§ **INFORMATION SUPPLIED**
______________________________

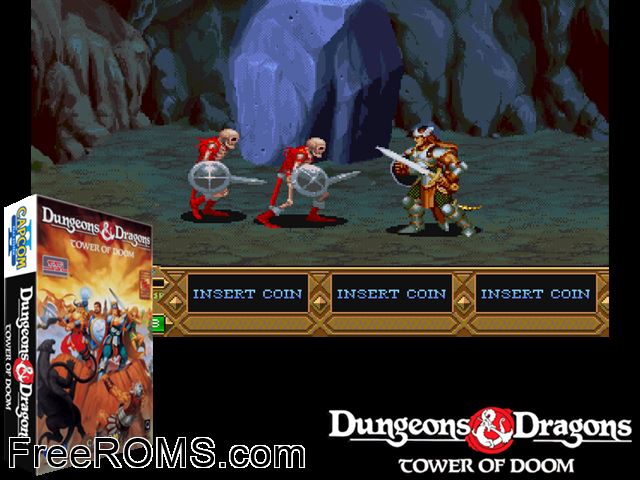 Dungeons and Dragons: Tower of Doom CPS2 game showing 3D box cover and gameplay screenshot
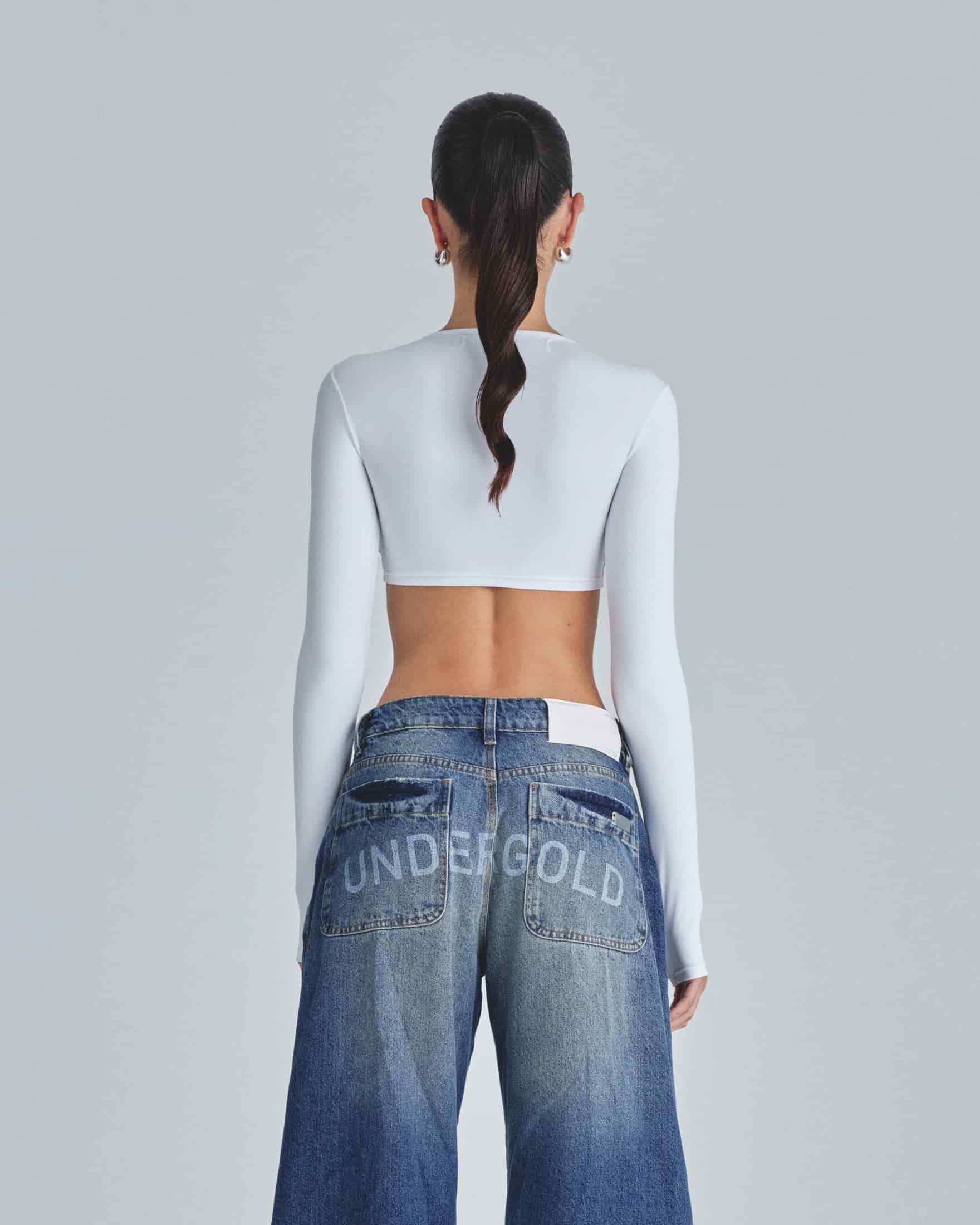 Line Basic Long Sleeve Cropped Tshirt White - miniatura 7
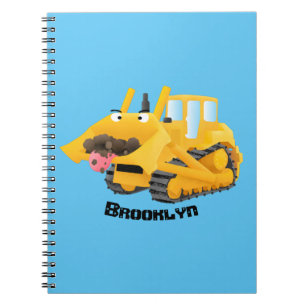Cute yellow bulldozer cartoon notitieboek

______________________________

Reproduce exactly the lines above from the one with "Line Basic Long" through the last line of the data, keeping both ends and dropping the pictures.

§ **EXERCISE RESPONSE**
 Line Basic Long Sleeve Cropped Tshirt White - miniatura 7
Cute yellow bulldozer cartoon notitieboek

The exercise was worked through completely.